The Arab Spring was widely acclaimed, in part because of the end of authoritarian or military governments that it entailed, but also owing to the presumption that this would diminish regional conflict. I ask myself whether there are lessons that we can derive from this experience in Mexico, as much for the enthusiasm at the outset as for the disenchantment downriver.
In Mexico we have been privileged not to live in the vicinity of neighbors prone to war, at least not in the last one hundred fifty years, a circumstance that’s afforded us the luxury of feeling ourselves to be immune to these matters. When encountering conflicts, Mexicans tend to support those we identify as the victim but without an inherent awareness of what war denotes. According to some historians, the very notion of “Mexicanness” was born with the United States’ invasion of Mexico in 1847, but the sense of victimhood, said Octavio Paz, stems from pre-Colonial roots. History and neighborhood have dealt us a sui generis perspective of wars.
That from which we haven’t been exempt from is internal conflict. Beyond organized crime, the country currently withstands an untold number of conflicts that reveal a pre-democratic political state. Conflicts such as those of Oaxaca and their supposed educators, the seizure of buildings and universities in Mexico’s Federal District, work stoppages, and demonstrations designed to affect the citizenry or to close highways, are nothing but tangible examples of a pre-democratic political system. The conflicts are not resolved in the political instances (such as the Congress) or in the judicial ones. Instead of negotiation, militants employ instruments of force and pressure oriented toward imposing solutions. Certain politicians and parties are more apt to utilize this type of means, but overall, the differences are not dramatic. When a party is not in power they use anti-institutional instruments of pressure that they would never tolerate were they in power.
From this perspective, although we are unacquainted with war as a political instrument, national politics continues to evidence nondemocratic facets and methods of conflict resolution typical of corporativist, or authoritarian, political systems. Manifestations of this nature are only possible when their utilization produce results. That is, while the authority continues to favor conflict resolution in the streets above institutional instances, the conflict will go on. All are rational actors.
This should not be understood as a call for the use of firm-handedness. A government decided on favoring the institutionalization of political processes would have to progressively force –without violence but with authority- political actors to incorporate themselves into these circuits. As exemplified by union leaders who allied themselves with the government after the detention of the teachers’ union kingpin or by the owners of the telecommunications entities commending an action that severely affected the value of their companies, all the actors are rational: they all know how to read the political maneuvers and they adjust to the new reality.
A government determined to establish new rules of the game would have to begin by constructing a novel institutional structure susceptible to contributing to the achievement of these objectives.
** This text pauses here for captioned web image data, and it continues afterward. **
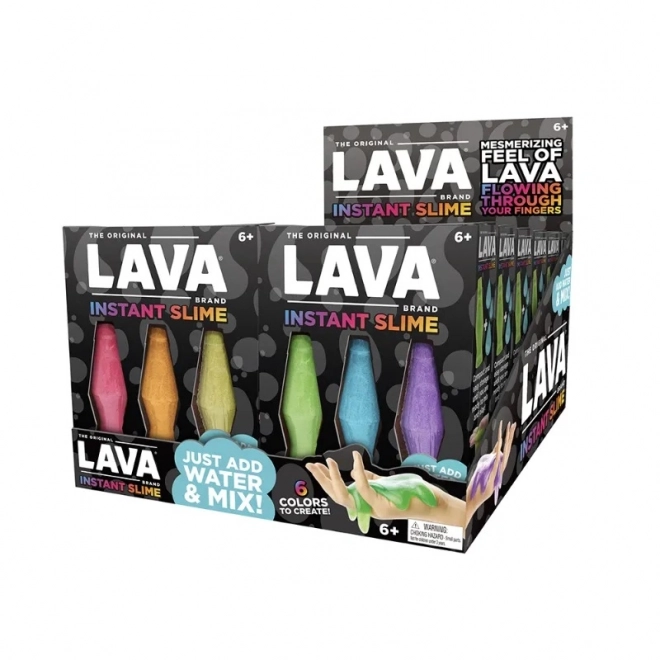 Instantslim Lava fra Schylling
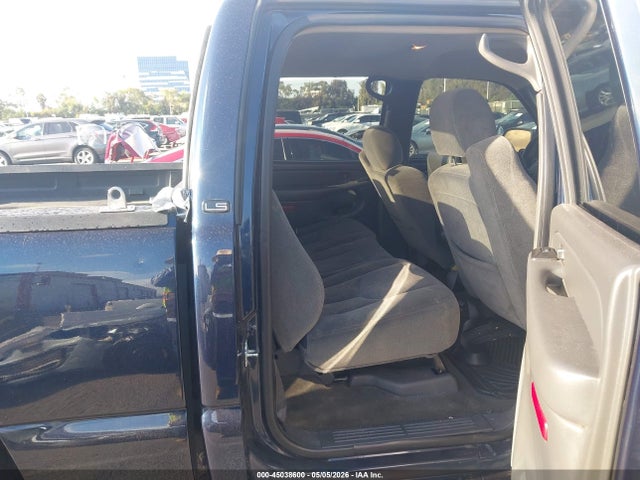 2005 Chevrolet Silverado 1500 Ls მანქანა იყიდება აუქციონზე, vin: 2GCEC13T951319255, აუქციონის ნომერი: 45038600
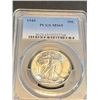 Image 1 : 1945 MS 65 PCGS Walking Liberty Half Dollar
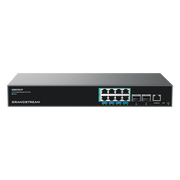 SWITCH POE MULTIGIGABIT CAPA 3 / 8 PUERTOS ETHERNET 2.5 G / 2 PUERTOS SFP+ / POE++ DINÁMICO / IPV6 E IPV4 / VLAN AVANZADA / QOS / STACKING HASTA 4 DISPOSITIVOS / ADMINISTRACIÓN LOCAL Y EN LA NUBE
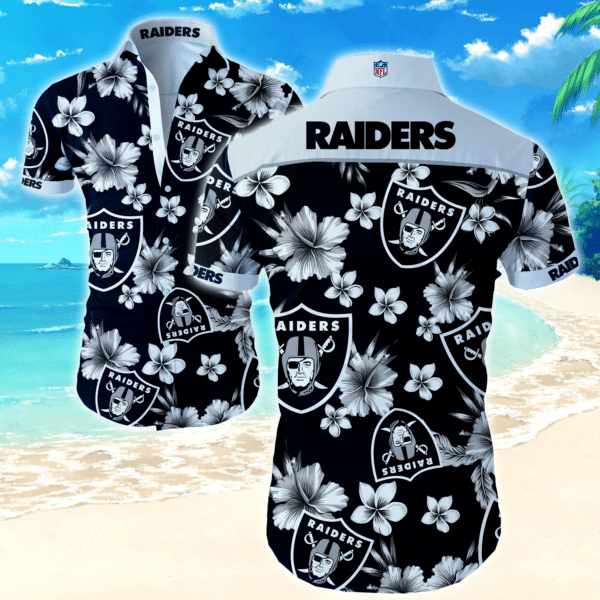 Las Vegas Raiders Funny NFL – Premium Hawaiian Shirt – Gift For Sports Lovers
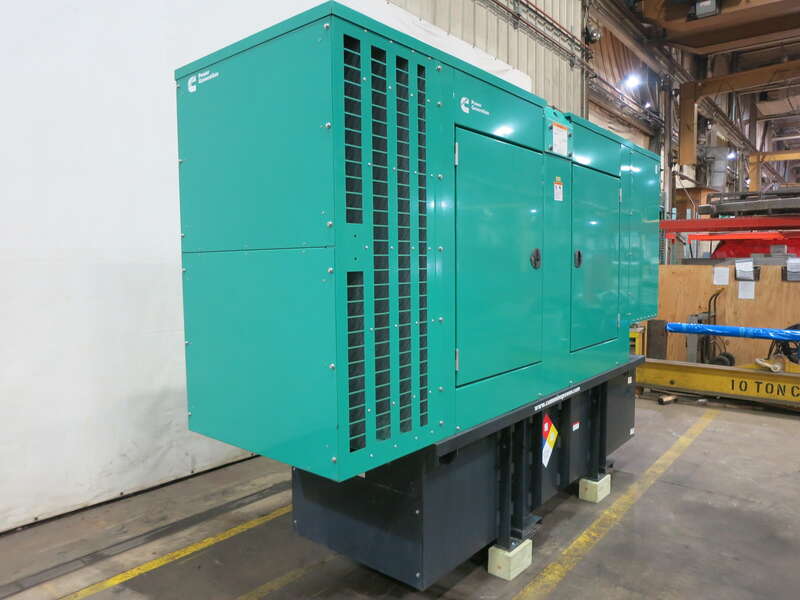 Used Cummins DSGAC QSB7-G3 NR3 Diesel Generator, 9 Hrs, EPA Tier 3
To endure, a process of political change cannot depend on how a person or a government acts, but rather on the existence of permanent rules that only institutions can underwrite.
Democracy, noted Joseph Schumpeter, is nothing more than a method for making decisions that leaves political actors no option but to submit to the normative framework and not tolerate conduct foreign to this. In Holland, the head of the Liberal Party once affirmed that he would never offend any other member of parliament because “one never knows with whom one will be required to forge a coalition in the future”. Such is the spirit of an institutionalized society.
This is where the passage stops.